Friday, October 16, 2020

Russia has a Zip Code Equality and Opportunity Problem Too, Yavlinsky Says

Paul Goble

            Staunton, October 14 – Ever more American sociologists and social commentators say that the best predictor of an individual’s life chances is the zip code in which he or she is born and lives because poverty and opportunity are so tightly linked to specific places be they impoverished inner cities and rural areas or well-off suburbs.

            In a comment for the Tallinn-based Region.Expert, Russian opposition political Grigory Yavlinsky says that Russia has something very similar: “It is well-known,” he writes, “that the well-being and career of an individual in Russia depends on which region he is born and grows up in” (region.expert/inequality/).

            Much of this inequality reflects the fact that the central government takes far more for its own purposes from the regions than it gives back and that as a result, despite all promises to the contrary, Moscow does not make a significant effort to equalize the situation. Rather, its policies concentrate wealth and advantages in a few at the expense of the many, he says.

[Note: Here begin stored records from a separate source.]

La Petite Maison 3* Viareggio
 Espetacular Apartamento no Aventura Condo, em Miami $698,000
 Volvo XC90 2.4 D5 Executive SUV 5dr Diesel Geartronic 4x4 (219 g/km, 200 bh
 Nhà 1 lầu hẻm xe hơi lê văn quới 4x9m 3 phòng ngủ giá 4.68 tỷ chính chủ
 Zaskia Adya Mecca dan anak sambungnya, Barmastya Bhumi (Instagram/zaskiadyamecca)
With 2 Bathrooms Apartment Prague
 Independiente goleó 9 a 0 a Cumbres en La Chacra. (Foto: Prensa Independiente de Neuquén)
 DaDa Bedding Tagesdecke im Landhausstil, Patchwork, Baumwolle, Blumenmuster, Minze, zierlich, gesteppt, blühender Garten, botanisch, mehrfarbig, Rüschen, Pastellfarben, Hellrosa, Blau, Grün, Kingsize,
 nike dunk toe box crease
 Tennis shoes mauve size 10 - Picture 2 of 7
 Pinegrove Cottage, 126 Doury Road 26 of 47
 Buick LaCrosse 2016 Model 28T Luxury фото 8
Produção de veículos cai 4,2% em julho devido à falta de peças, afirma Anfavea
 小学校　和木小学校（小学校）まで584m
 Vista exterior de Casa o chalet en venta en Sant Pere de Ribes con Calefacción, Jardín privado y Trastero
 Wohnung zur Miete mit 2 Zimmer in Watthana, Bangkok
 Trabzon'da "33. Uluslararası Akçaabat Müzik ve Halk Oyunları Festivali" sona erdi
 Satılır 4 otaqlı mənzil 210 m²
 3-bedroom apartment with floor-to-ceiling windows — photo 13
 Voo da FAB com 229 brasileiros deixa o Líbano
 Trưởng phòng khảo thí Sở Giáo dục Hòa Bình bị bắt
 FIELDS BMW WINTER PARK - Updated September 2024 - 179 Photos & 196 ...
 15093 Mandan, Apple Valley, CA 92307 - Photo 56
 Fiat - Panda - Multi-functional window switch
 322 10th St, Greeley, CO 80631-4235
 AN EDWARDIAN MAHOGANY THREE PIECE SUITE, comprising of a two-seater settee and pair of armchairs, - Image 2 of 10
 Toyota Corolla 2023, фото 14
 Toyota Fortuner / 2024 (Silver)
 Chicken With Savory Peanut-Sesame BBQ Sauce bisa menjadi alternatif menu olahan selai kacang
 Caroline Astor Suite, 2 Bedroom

            Pskov doesn’t have enough money for firewood because it sends so much money to Moscow that the Kremlin spends its money on rockets. A third of people in Saratov don’t have indoor plumbing but the people there help finance the war in the Donbass. And Chelyabinsk lacks money to save it from environmental disaster but gives enough to pay for the war in Syria.

            These imbalances have been increased by the coronavirus pandemic and declining oil prices, Yavlinsky says, with the former forcing the regions to borrow money from the center for what are unfunded liabilities and the latter meaning that taxes on income that had gone in part to the regions are now lower.

            For most social needs, decisions about what to do, if resources are available, should be made by municipal councils who are closest to the people, he continues. “But in Russia everything is just the reverse.” Moscow makes the decisions directly and indirectly, and the municipal councils can do little.

            Many are having to cut back on the things they had been supporting like schools and hospitals as their incomes have fallen or in an attempt to maintain standards of living go deeper into debt to banks or the federal government and thus assuming an ever larger burden for the future.

            Moscow does spend some money to equalize the situation of various regions but far from enough because the total amount it devotes to that is too small given its spending on various military and foreign policy initiatives and because it distributes money to the regions not only to equalize the situation but also to show favor to some rather than others, Yavlinsky continues.

            In order to eliminate the zip code problem, many more resources must be retained by the regions and Moscow must do far more to transfer funds to municipalities to ensure that all Russians have a more equal set of life chances. That will require real democracy with regular rotation of those in power, real federalism, an independent judiciary, and so on.

            At present, the central government is opposed to those necessary preconditions for regional equalization and consequently won’t take sufficient economic steps to compensate for their lac, Yavlinsky says.